* [PROBLEM REQUIREMENTS]: Would you give back exactly the lines from the line with "Разрушенный дом в" through the end of the entries below, both included, but none of the pictures?
□ □ □ □
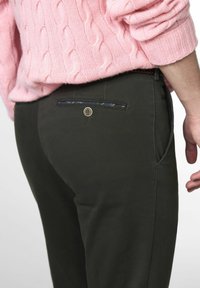 Personne portant un pantalon vert foncé avec un bouton de poche arrière et un pull en tricot rose, la main détendue sur le côté.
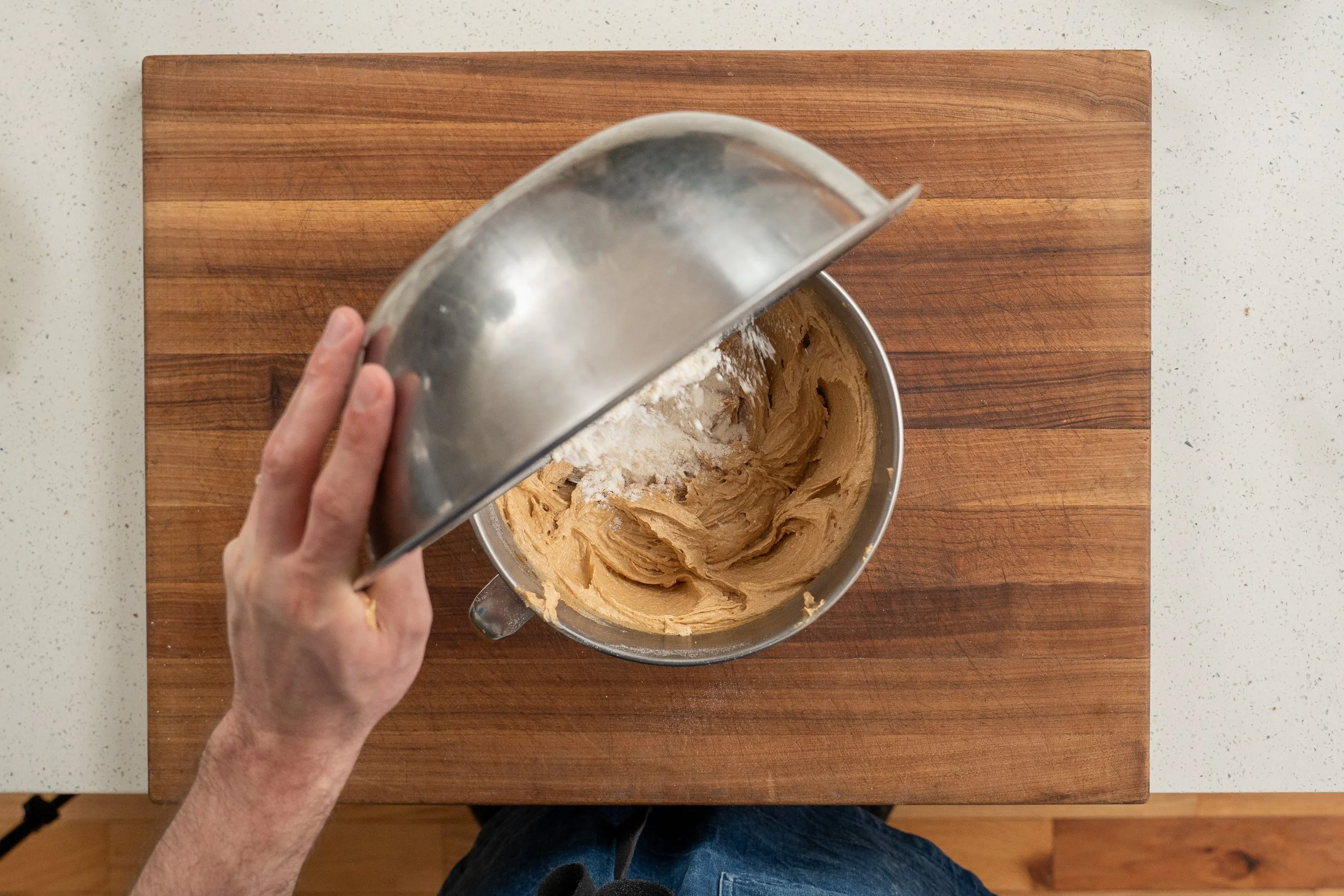 adding dry ingredients into creamed wet ingredients for peanut butter cookies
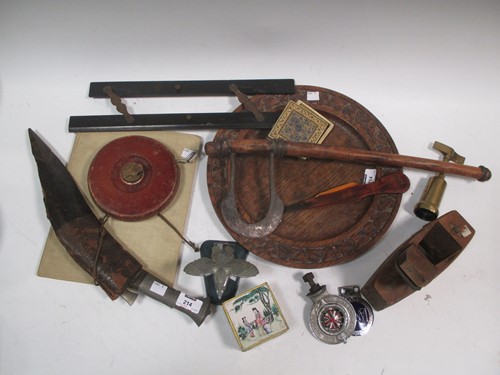 Lot 214 - A kukri knife, car badges, axe, a Singer...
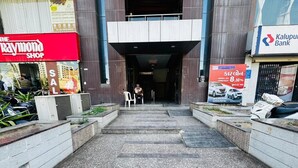 A building entrance with a Raymond Shop on the left and a Kalupur Bank on the right. - Hotel Long Stay (Ahmedabad)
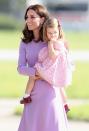 <p>On the final leg of their German tour, Kate and Charlotte wore complementary shades of purple and pink.</p>
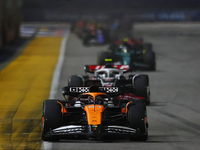 Oscar Piastri of Australia drives the McLaren Formula 1 Team MCL39 during the F1 Grand Prix of Singapore at Marina Bay Street Circuit in Sin...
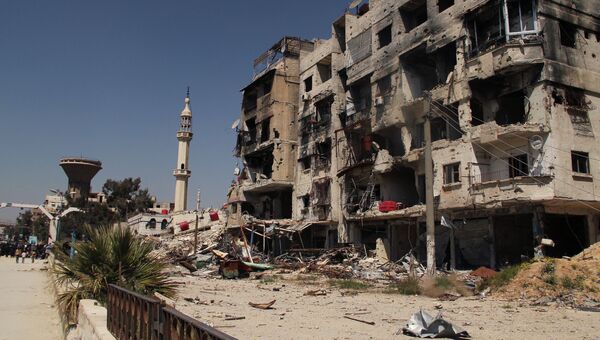 Разрушенный дом в лагере палестинских беженцев Ярмук на окраине Дамаска. Архивное фото
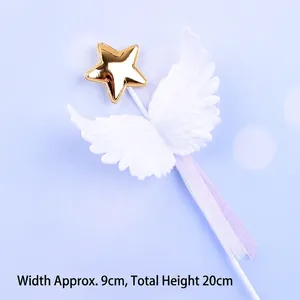 Detailed close-up of a white angel wings cake topper with a gold star and purple ribbon.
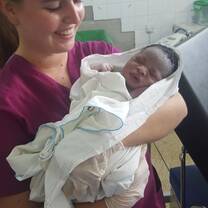 Midwife nurse with a newly born baby
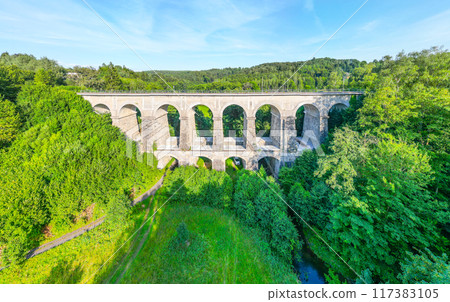 The Sychrov Railway Bridge stands majestically with graceful arches, surrounded by lush greenery. The bright sky enhances the tranquil setting. 117383105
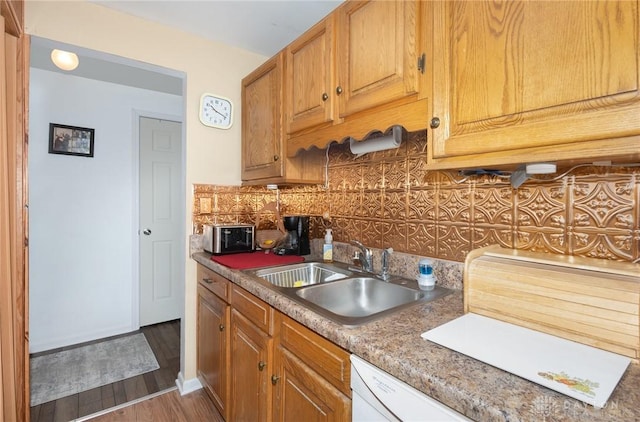 kitchen featuring sink, dark wood-type flooring, white dishwasher, and decorative backsplash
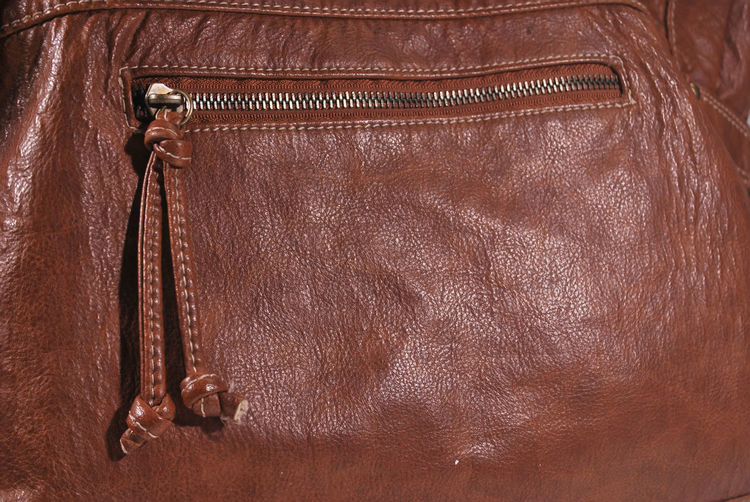 Full frame shot of brown purse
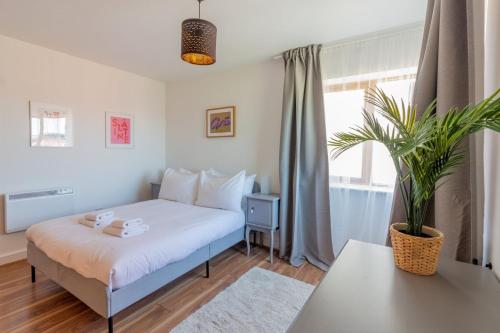 都柏林GuestReady - Modern stay by Pheonix Park的一间卧室配有一张床和盆栽植物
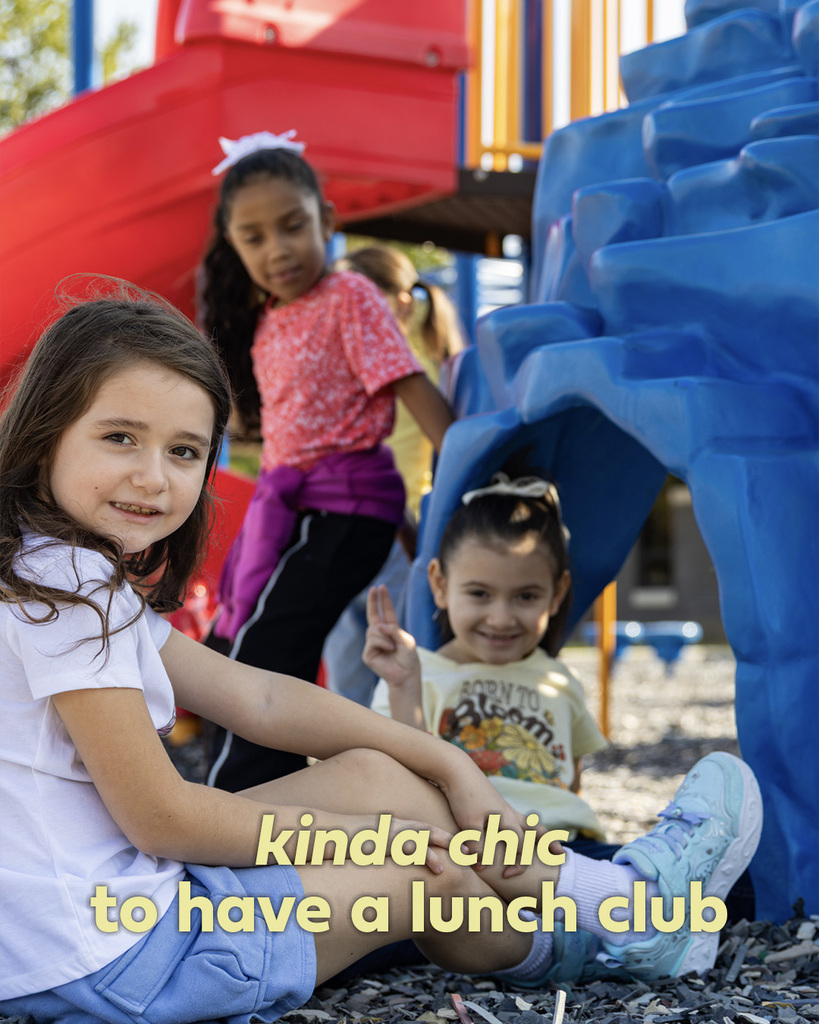 Three students sit together underneath playground equipment, talking during recess. Text reads, “kinda chic to have a lunch club.”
□ □ □ □
* [ANSWER FOR THIS EXERCISE]:
 Разрушенный дом в лагере палестинских беженцев Ярмук на окраине Дамаска. Архивное фото
 Detailed close-up of a white angel wings cake topper with a gold star and purple ribbon.
 Midwife nurse with a newly born baby
 The Sychrov Railway Bridge stands majestically with graceful arches, surrounded by lush greenery. The bright sky enhances the tranquil setting. 117383105
 kitchen featuring sink, dark wood-type flooring, white dishwasher, and decorative backsplash
 Full frame shot of brown purse
 都柏林GuestReady - Modern stay by Pheonix Park的一间卧室配有一张床和盆栽植物
 Three students sit together underneath playground equipment, talking during recess. Text reads, “kinda chic to have a lunch club.”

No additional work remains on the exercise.